*** Data to use ***
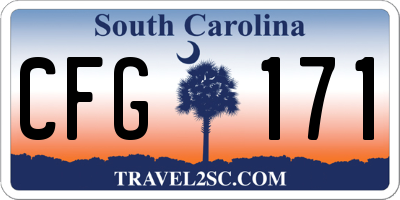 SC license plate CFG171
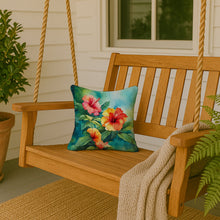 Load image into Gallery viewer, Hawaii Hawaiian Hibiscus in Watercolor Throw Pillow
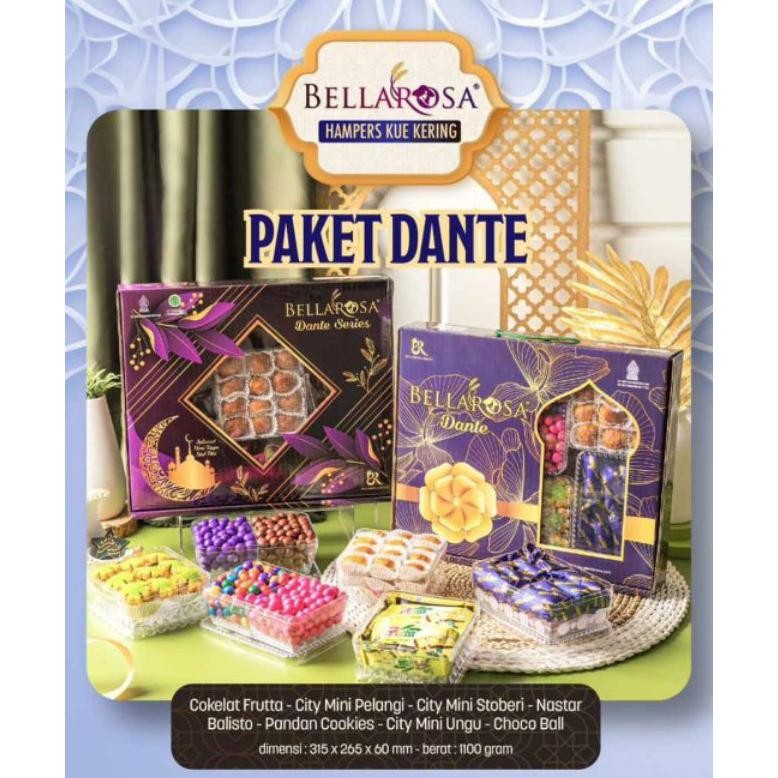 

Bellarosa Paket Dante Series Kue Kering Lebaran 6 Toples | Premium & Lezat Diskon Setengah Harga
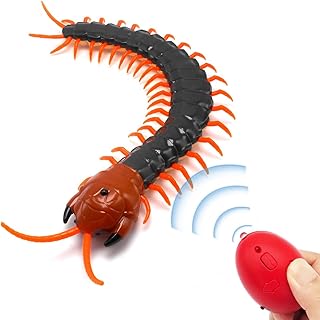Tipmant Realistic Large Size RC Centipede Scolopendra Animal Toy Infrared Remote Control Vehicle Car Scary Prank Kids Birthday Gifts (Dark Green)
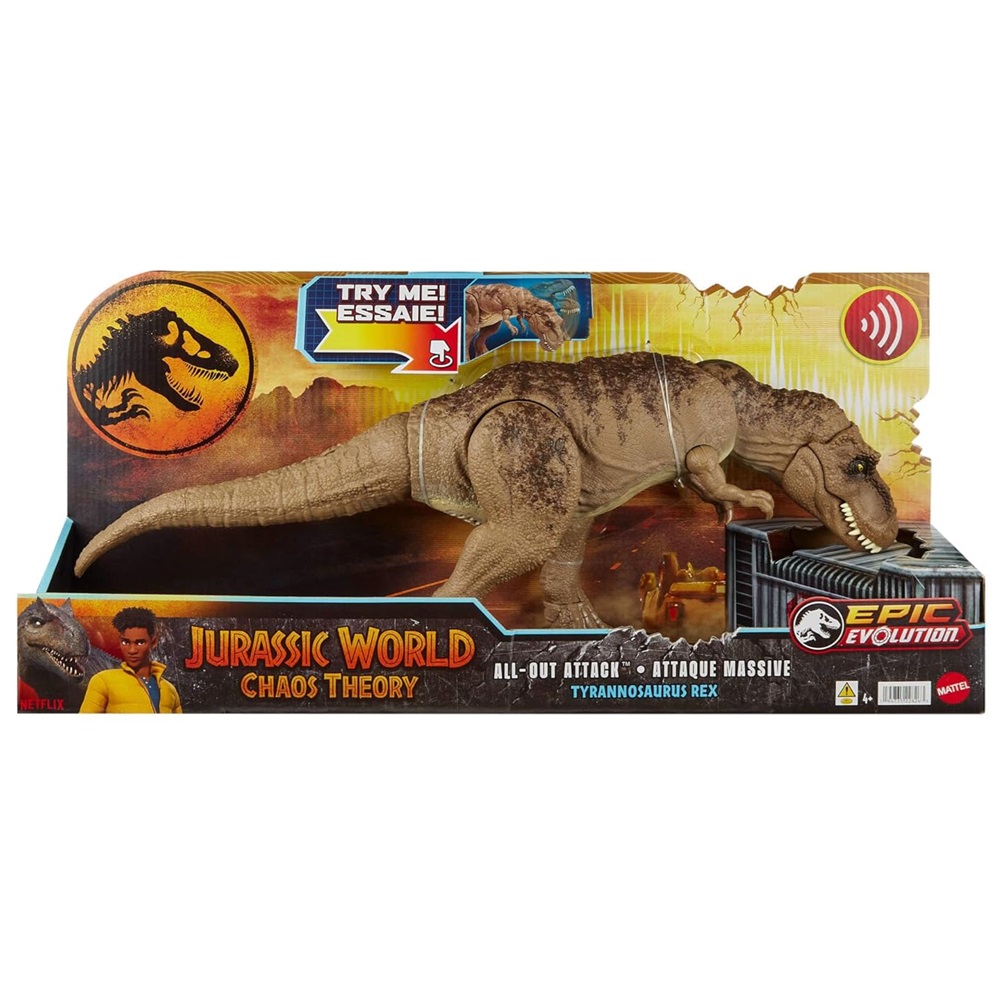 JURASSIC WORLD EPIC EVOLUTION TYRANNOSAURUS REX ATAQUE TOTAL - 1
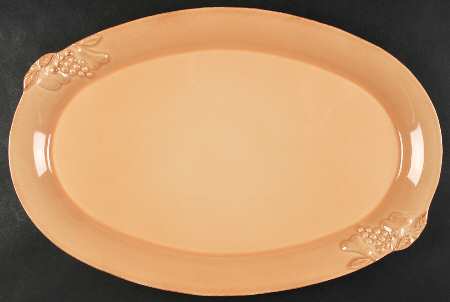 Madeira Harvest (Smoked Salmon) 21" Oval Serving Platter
*** End of Data to use ***
*** Data to use ***
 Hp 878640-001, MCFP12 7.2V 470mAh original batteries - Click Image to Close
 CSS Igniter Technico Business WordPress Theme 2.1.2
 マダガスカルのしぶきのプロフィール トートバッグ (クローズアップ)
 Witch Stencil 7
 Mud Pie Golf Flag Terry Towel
*** End of Data to use ***
• What to produce
Everything above from the line containing "マダガスカルのしぶきのプロフィール トートバッグ (クローズアップ)" down to the line containing "Mud Pie Golf Flag Terry Towel" should be copied exactly, both end lines included, and nothing else.

• Solved exercise
 マダガスカルのしぶきのプロフィール トートバッグ (クローズアップ)
 Witch Stencil 7
 Mud Pie Golf Flag Terry Towel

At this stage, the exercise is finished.